Catholic social teaching in its modern form took its initial shape in the pontificate of Pope Leo XIII (r. 1878–1903). In a series of encyclicals crowned by his 1891 Rerum novarum, the Pope sought to speak to contemporary social troubles from within the walls of the Vatican, where the Popes had in effect been made prisoner (since 1870) by Italian revolutionary forces. No longer merely denouncing the onslaught of liberalism, Leo wanted to address the underlying conditions of modern society. In his 1888 encyclical Libertas, Leo identified liberals as those who “deny the existence of any divine authority to which obedience is due, and proclaim that every man is the law to himself.” But he also launched a rapprochement with modern regimes that departed from earlier condemnations of democratic government. “Of the various forms of government, the Church does not reject any that are fitted to procure the welfare of the subject,” he wrote – with the proviso that governments not wrong anyone, “and especially without violating the rights of the Church.” From Leo’s pontificate onward Catholic social teaching viewed both the unfettered market economy as well as socialist statism with sharp criticism. In Rerum novarum, Leo identified both capital and labour as important contributors to the good of society. As Communist regimes came into power in the succeeding decades the later development of Catholic social teaching began to reflect the new challenges, with Pius XI emphasizing the themes of subsidiarity and corporate solidarity in his Quadragesimo anno (1931), while warning specifically against Communism in his 1937 Divini Redemptoris.

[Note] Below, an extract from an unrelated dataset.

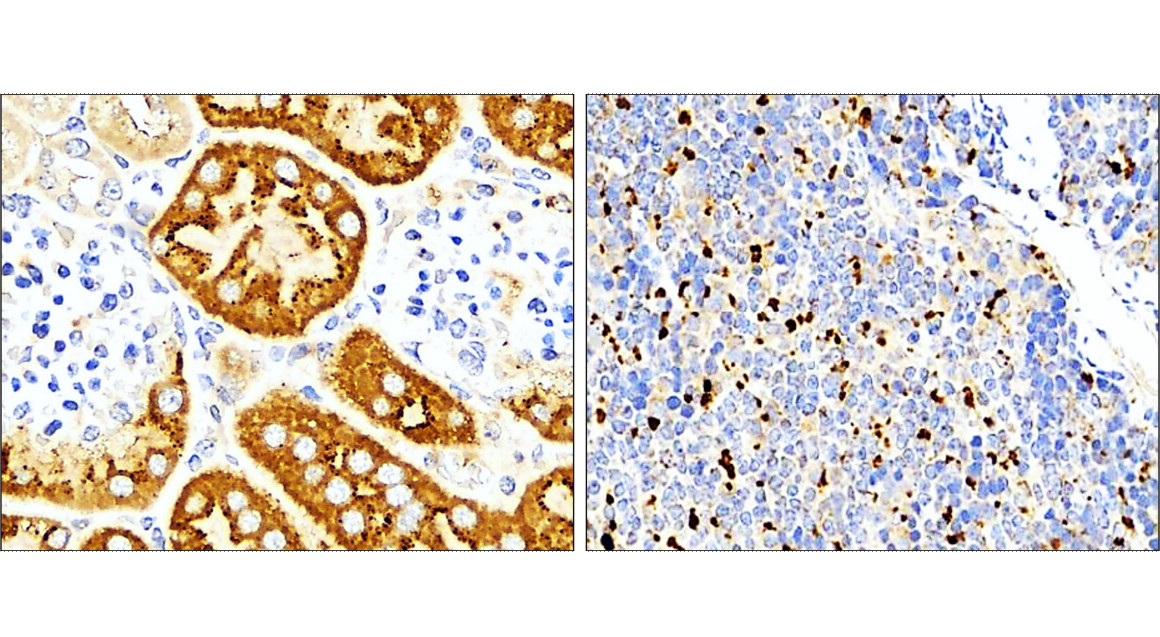 IL-1 beta Antibody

As Europe and the US emerged from two traumatic World Wars in the years after 1945, the emergence of the new Soviet threat prompted many defenders of liberal democracy to turn to Christian sources both for the reconstruction of Europe (through Christian Democracy) and for bolstering their political system against the Communist alternative. . . .

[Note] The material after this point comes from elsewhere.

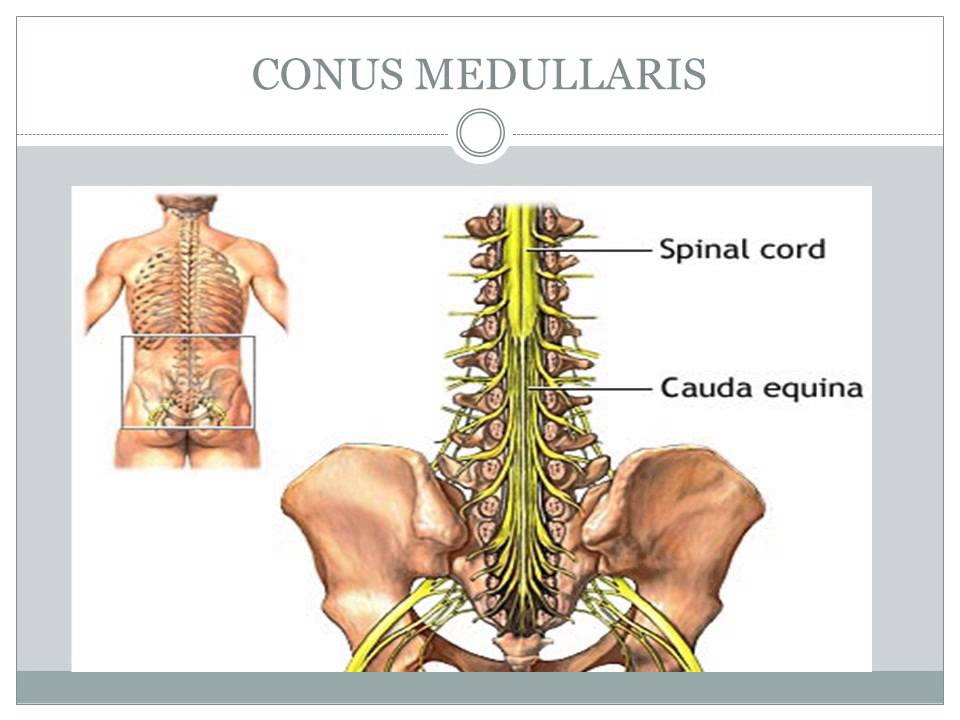 LOWER EXTREMITY IMPAIRMENTS SPINAL NERVE ROOTS CONUS MEDULLARIS www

In the remainder of the piece, I take the criticism of liberalism right up through the present, exploring the reasons why the various rapprochements with liberalism failed after the latter decades of the twentieth century. The volume, edited by András Sajó, Renáta Uitz and Stephen Holmes, contains sixty-one chapters on a variety of topics within the broad theme of “illiberalism.” The e-book is available from Routledge.

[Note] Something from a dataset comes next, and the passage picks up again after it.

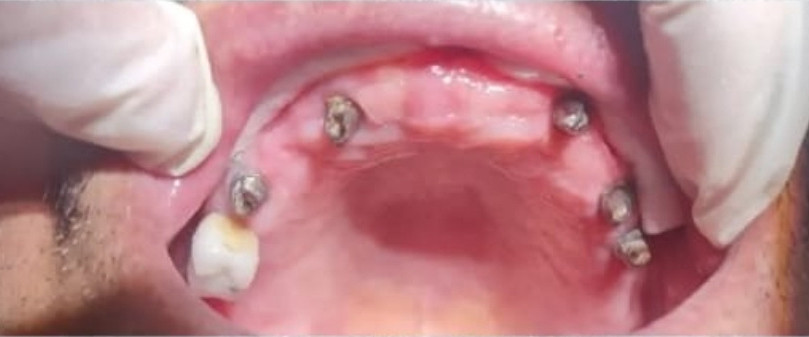 Before treatment, case 03: Full arch lower implant bridge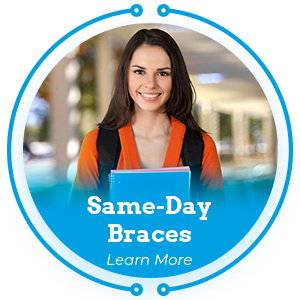 same day braces learn more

Many thanks to Prof. Pappin for engaging in the academic publishing world as part of such a handbook, of which many chapters do take a baseline uncritical stance vis-a-vis liberalism (which of course may be fair depending on the subject or stated approach!). My commendations for being a part of this kind of excellent scholarly project and the refreshing commitment to ideational pluralism that is often lacking in the bulk of the literature on illiberalism and related concepts. Looking forward to reading the chapter in full, the pdf is sitting in a folder waiting for the weekend...
If the government of Poland can claim that Jesus Christ is the King of Poland, why might not the state of Alaska recognize Saint Therese of the Child Jesus and the Holy Face as Queen of Alaska? Some state government really ought to test the waters here and affiliate itself with the Catholic Church.
Also, it would seem this sentence lacks a coherent grammatical structure: "This first clash between liberalism and Christianity took precisely the form I have suggested is similarly illuminating in present circumstances."